In March, the 12 electronic funds transfer networks that support branded PIN-based point-of-sale debit programs switched a total of 522.8 million purchases, up 25.3% from 417.2 million the previous March. The March 2003 total is a restated figure that is about 78 million less than what the networks and CCM sister publication ATM&Debit News reported last year.
The restatement was prompted by a change in the way Star, by far the nation's top EFT network, is reporting its data. When First Data Corp. bought Star's parent company, Concord EFS Inc., last February and had a chance to look more closely at its operations, it discovered that Star in past years included both the final purchase settlement and any preauthorization that may also have occurred as two transactions. Some merchants, such as oil companies that offer self-serve pay at the pump, will seek preauthorizations before pursuing final settlement from card issuers.
First Data says Star from now on will report the two hits to its switch as a single transaction, and the Greenwood Village, Colo.-based processor restated Star's March 2003 POS total, dropping it by 67.4 million transactions.
"Star counted the transactions the way most networks count them," a First Data spokesperson says. "First Data is taking a more conservative approach."
The Star, Interlink, Pulse and NYCE networks combined switch nearly 90% of all PIN-based purchases. When ATM&Debit News asked the three other networks how they report POS data, only NYCE counted a preauthorization and the final settlement as a single transaction.
As a result, the March 2003 total for Interlink, which is owned by Visa USA, fell by 7.02 million transactions, to 69.6 million. The Pulse EFT Association's total for that month dropped by 3.3 million, to 44.2 million purchases.

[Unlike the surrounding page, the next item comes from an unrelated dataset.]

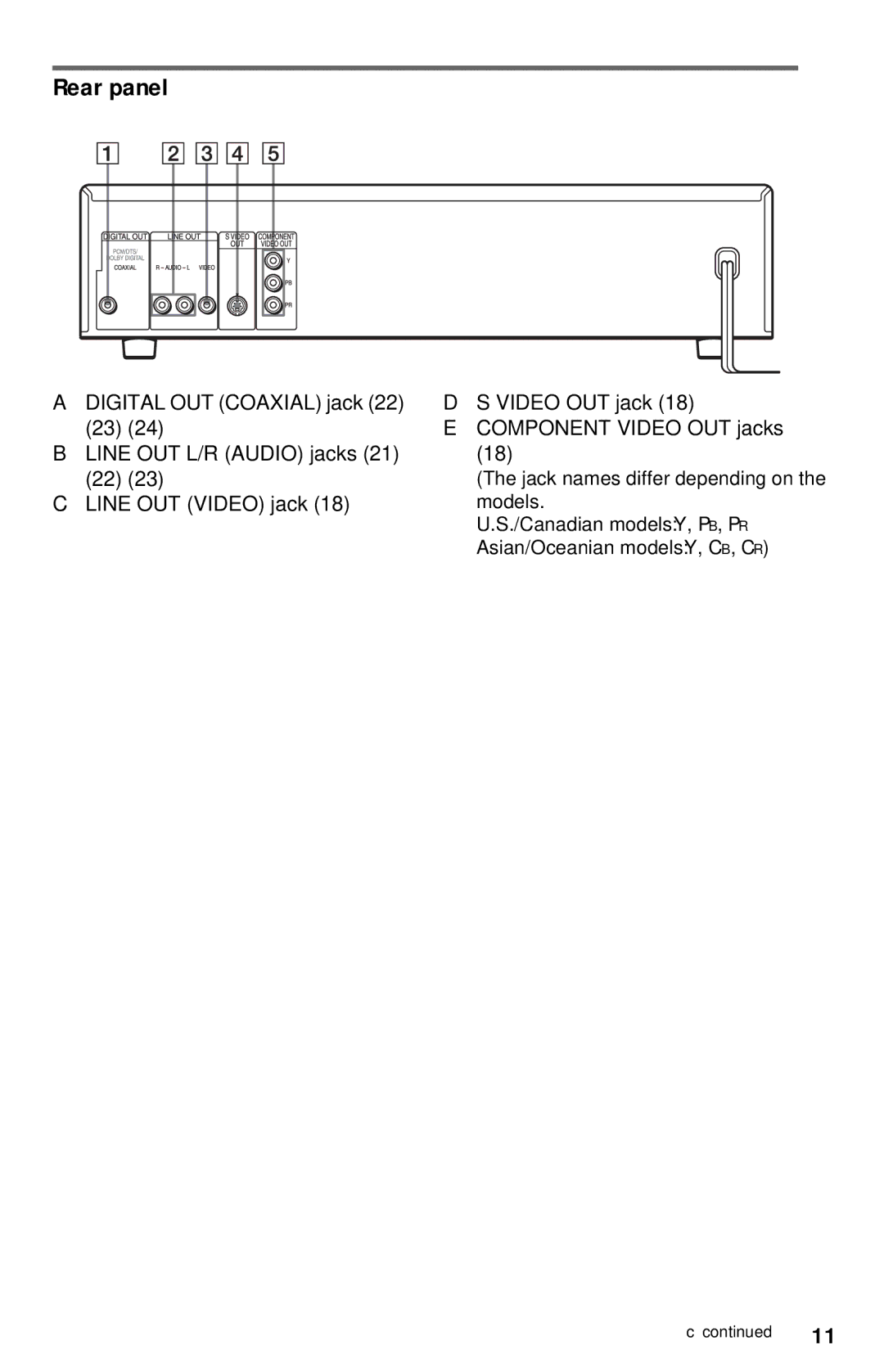 Sony DVP-NC615 operating instructions Rear panel, Jack names differ depending on the models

Cindy Ballard, Pulse executive vice president, says Houston-based Pulse counted both the preauthorization and settlement because they were separate transactions.
"You have the preauthorization that goes through the switch, then another for settlement," she says.
Whether the changes could have affected the U.S. Department of Justice's antitrust challenge to First Data's acquisition of Concord is unknown. The DOJ was concerned that First Data, which owned 64% of NYCE, would gain too much POS market share by also owning Star. First Data settled with the antitrust enforcer by agreeing to sell its shares of NYCE, which now is owned by Metavante Corp.
Before Star, Interlink and Pulse removed the preauthorizations from their totals, Star and NYCE together in March 2003 controlled 66.1% of the PIN-based POS debit market. After the preauthorizations were removed, they accounted for a 62.2% share.
The First Data spokesperson says the processor didn't know Star was double-counting some of its transactions.
"We really didn't know that until after the merger because we couldn't get inside the numbers until the merger was complete," she says.